火の神は生まれた瞬間、母を焼き殺し、父に斬られて死ぬ。
生まれること自体が罪とされ、家族の痛みに翻弄された神だ。
ペンネームとしてその神話を思い出し、私は不思議な繋がりを感じた。
火は破壊の象徴であると同時に、灯りや祈り、再生の象徴でもある。
私はその矛盾に、今の自分自身の人生を重ねてしまったのかもしれない。
──母を救えなかった、殺してしまったという悔い。
──父や兄に裏切られた深い傷。
──それでも家族を憎みきれない弱さ。
そのすべてが、火のように揺らめき続けている。
創作する私は、“かぐつち”であり、同時に“かぐつちではない”。
母を焼いた火ではなく、母を思い続ける火。
父や兄に斬られる火ではなく、自分の痛みを照らす火。
苦しい記憶を燃やし、言葉として灯すために、私は火の名を選んだのだと思う。
今までの日々は、私という火を形づくった大切な燃え跡だ。
火は何かを失わせるが、同時に新しい光を生む。
私はその残り火の中で、今日も生き直している。──そう思えるようになった。
これも全て、『かぐつち・マナぱ』に関わってくださる皆様のおかげと、現実の私に関わってくださる方々のおかげであると、深く深く感謝を込めて──ありがとうございました。
最後まで読んでくださり、本当にありがとうございました。
母や家族のことを思い出しながら書く作業は、痛みが入り混じるような時間でしたが、こうして読んでくださる方の存在があることで、静かに救われていくような気がします。

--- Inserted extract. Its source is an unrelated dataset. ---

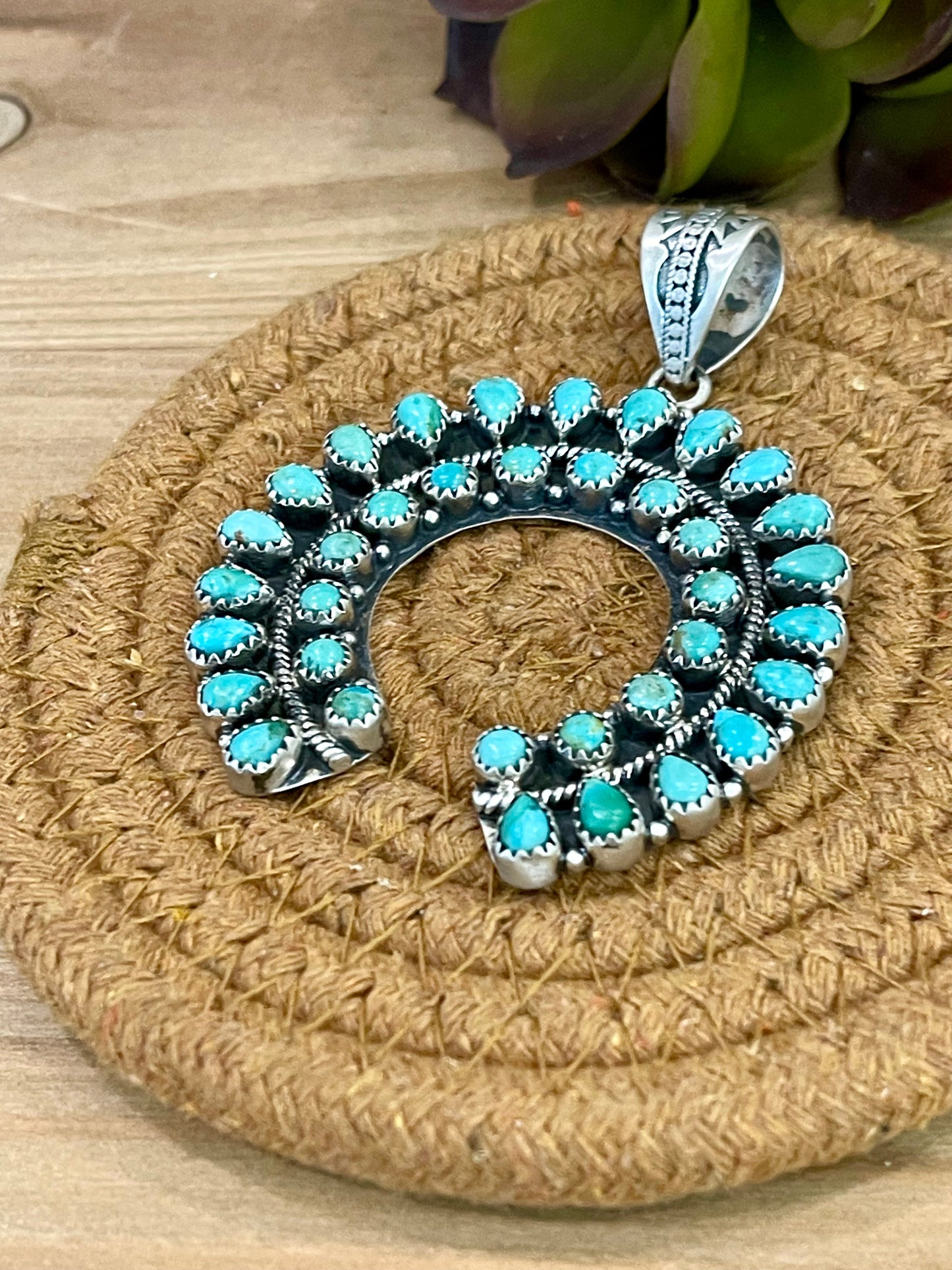 Handmade Sterling Silver & Turquoise  Cluster Naja Pendant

貴方の大切な時間を割いて、このエッセイに触れてくださったことに、深く感謝申し上げます。
ありがとうございました。
(追記)
たくさん優しい心遣いのお言葉をいただいており、本当にありがとうございます。
ゆっくりと噛み締めながら、お返事させてもらおうと思います。
読んで下さった方が、自分の家族や選択を思い出してしまう痛みを感じてしまわれたなら…本当に申し訳ありません。m(_ _)m
…生きている上で色々な選択をしなければならない時があると思います。